頼りなげで、優し気で、本物のマストロヤンニも二人の女性を愛し、共に子どもをなしていますが、1996年、たった72歳ですい臓がんで亡くなりました。

平素は仲の良いご夫婦で、然るべき立派な社会的立場のお連れ合いを自慢していながら、その時には、ソフィア・ローレンのセリフを吐いて悲嘆にくれ、お連れ合いから白い目を向けられた友だちがいました。私たちは、40代にさしかかっていました。この本の著者は、その頃から、世界のハンセン病に立ち向かわれていた・・・

映画が封切られた1970年初頭の日本は、先のオリンピックから数年、国は上昇機運であり、美男美女(死語?)カップルが演じる、戦争という個人的には不可抗力でもあった事態によって引き裂かれた純愛物語的に受け止めていたようにも思いますが、本当は、反戦映画としても鑑賞するべきであった、そうしても良かった・・・と思い出します。

その映画「ひまわり」のイメージ、と私は思いました。で、それなりにジンとした思いで、ページを繰っていましたのに、数日前に、同世代でもある著者笹川陽平氏は、映画「ひまわり」をご存じなかったことをご本人からうかがいました。愕然です。

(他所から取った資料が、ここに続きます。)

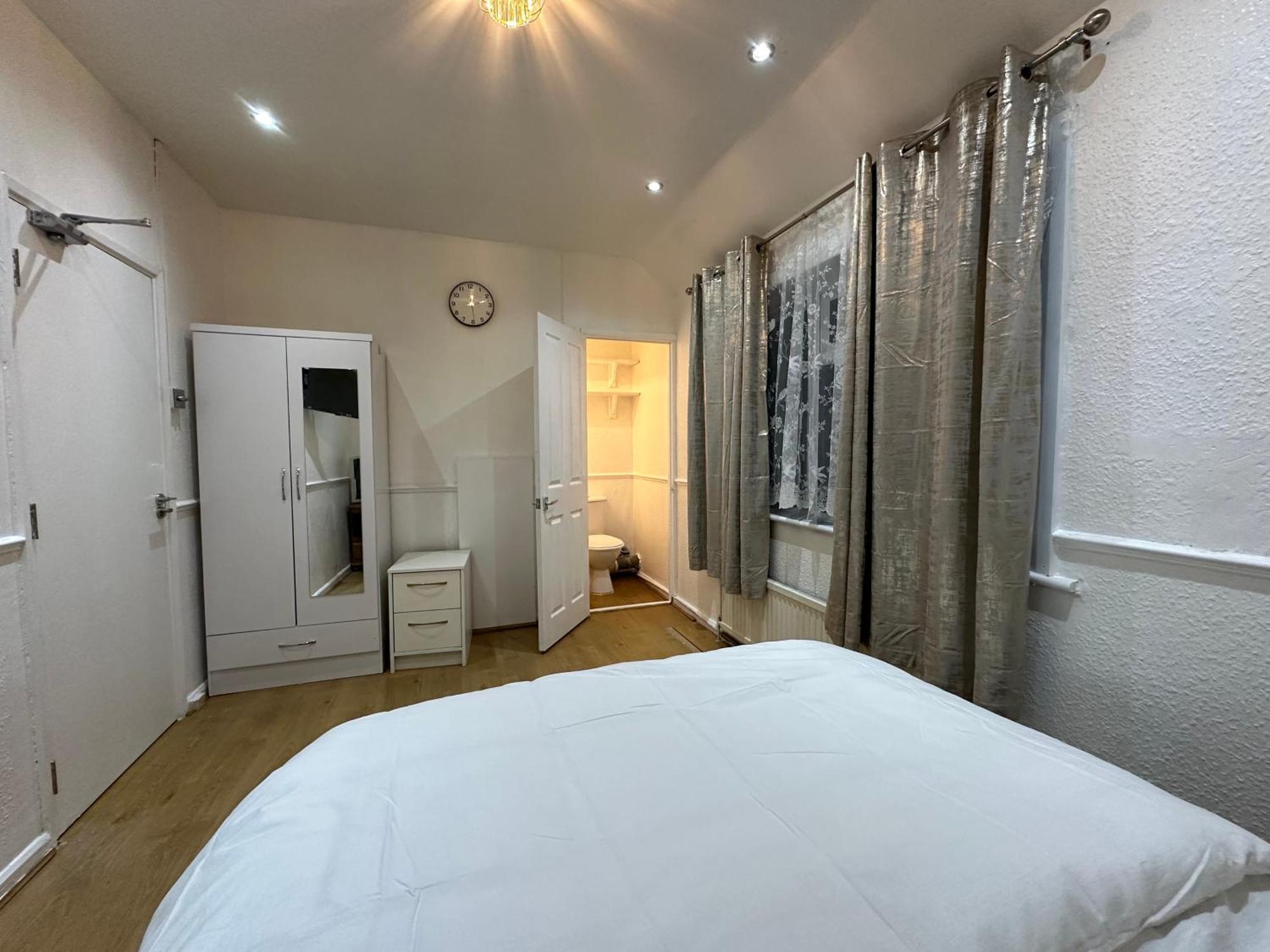 Keedonwood Road Bromley, Rooms With Free Wifi 外观 照片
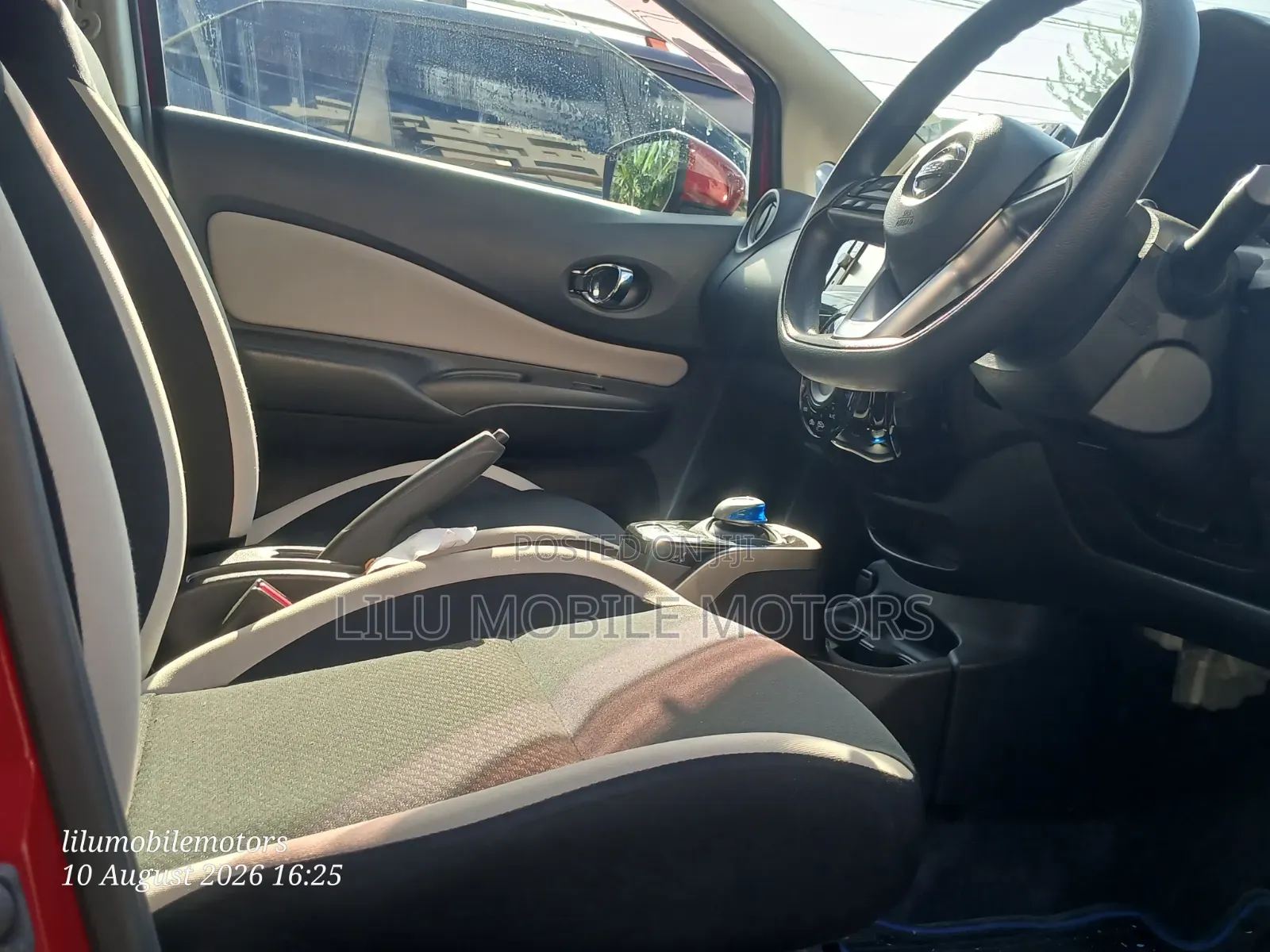 Nissan Note 1.2 Hybrid 2019 Red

そして、なんとなんと、夢もへったくれもない裏話と云うか、撮影時の状況説明。

地平線までひまわりが広がる地を走行中、たまたま、おトイレがあって休憩することになったと。そこで、めいめいが用を足している際、戯れにとったのがこの一枚!!!!

何と、無粋な話、と思いませんか?

でも、それはこの大著の中身の重要性を損なうものではない・・・ページを繰るたびに、ちょっと頭の隅をかすめるエピソードです。

少しお高い本ですが、世界のどこにでもある差別偏見・・・それに立ち向かう日本のマルチェロ・マスロトヤンニ・・・是非、ご高覧下さい。